## [INPUT]
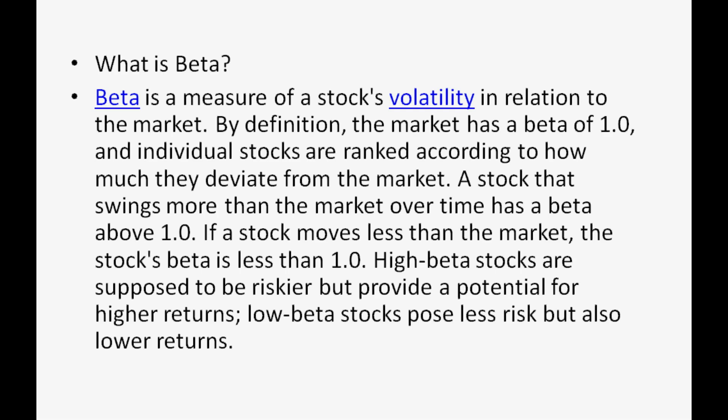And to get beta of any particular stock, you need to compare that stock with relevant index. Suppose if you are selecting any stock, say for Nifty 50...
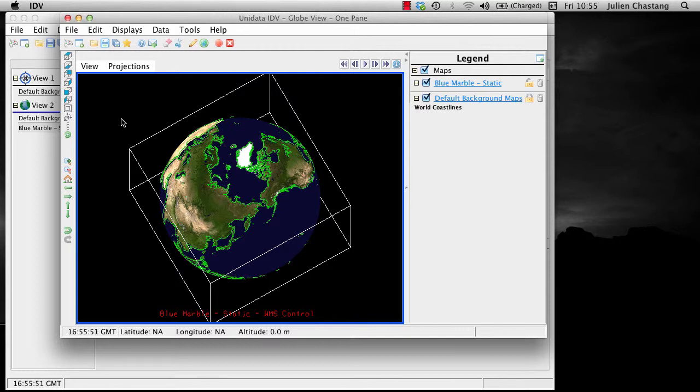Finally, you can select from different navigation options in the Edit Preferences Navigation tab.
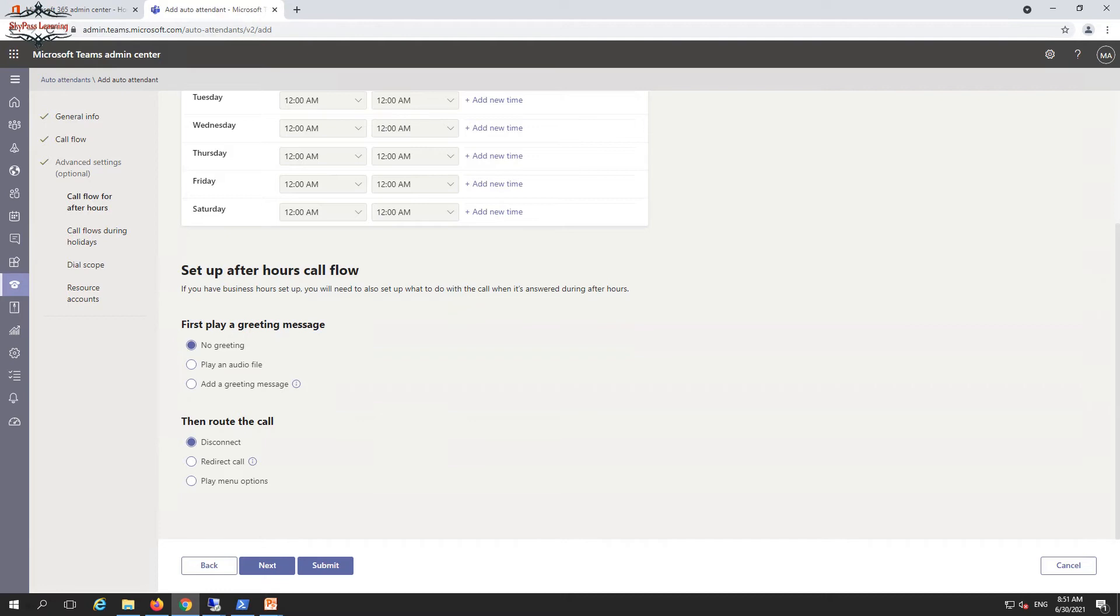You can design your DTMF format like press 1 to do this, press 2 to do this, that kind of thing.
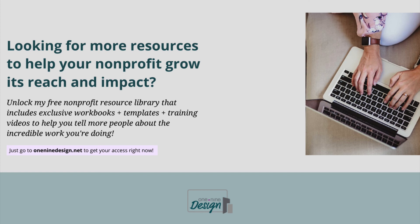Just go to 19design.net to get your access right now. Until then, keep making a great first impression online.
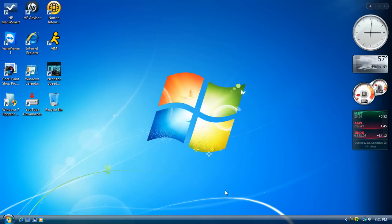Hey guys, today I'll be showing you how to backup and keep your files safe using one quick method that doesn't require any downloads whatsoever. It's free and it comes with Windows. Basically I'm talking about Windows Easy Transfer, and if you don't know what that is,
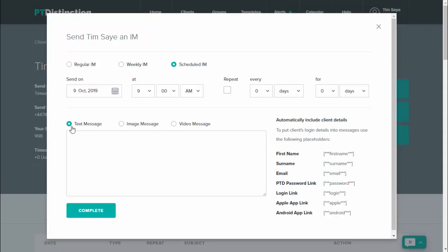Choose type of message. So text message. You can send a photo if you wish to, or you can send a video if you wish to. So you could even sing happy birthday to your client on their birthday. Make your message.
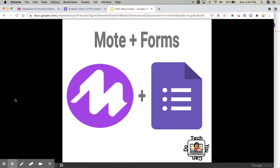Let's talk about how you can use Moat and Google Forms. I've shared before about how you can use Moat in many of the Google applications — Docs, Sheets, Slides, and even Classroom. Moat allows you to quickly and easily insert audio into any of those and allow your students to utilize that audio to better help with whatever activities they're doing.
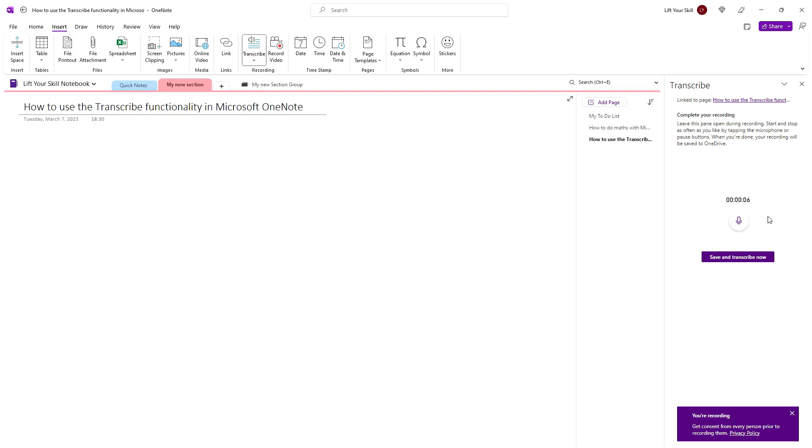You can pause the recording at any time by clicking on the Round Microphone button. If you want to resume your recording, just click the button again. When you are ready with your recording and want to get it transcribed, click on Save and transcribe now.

## [WHAT NEEDS TO BE DONE]
Exact copy, no images: rewrite the entire listing above.

## [RESPONSE TO THE EXERCISE]
And to get beta of any particular stock, you need to compare that stock with relevant index. Suppose if you are selecting any stock, say for Nifty 50...
Finally, you can select from different navigation options in the Edit Preferences Navigation tab.
You can design your DTMF format like press 1 to do this, press 2 to do this, that kind of thing.
Just go to 19design.net to get your access right now. Until then, keep making a great first impression online.
Hey guys, today I'll be showing you how to backup and keep your files safe using one quick method that doesn't require any downloads whatsoever. It's free and it comes with Windows. Basically I'm talking about Windows Easy Transfer, and if you don't know what that is,
Choose type of message. So text message. You can send a photo if you wish to, or you can send a video if you wish to. So you could even sing happy birthday to your client on their birthday. Make your message.
Let's talk about how you can use Moat and Google Forms. I've shared before about how you can use Moat in many of the Google applications — Docs, Sheets, Slides, and even Classroom. Moat allows you to quickly and easily insert audio into any of those and allow your students to utilize that audio to better help with whatever activities they're doing.
You can pause the recording at any time by clicking on the Round Microphone button. If you want to resume your recording, just click the button again. When you are ready with your recording and want to get it transcribed, click on Save and transcribe now.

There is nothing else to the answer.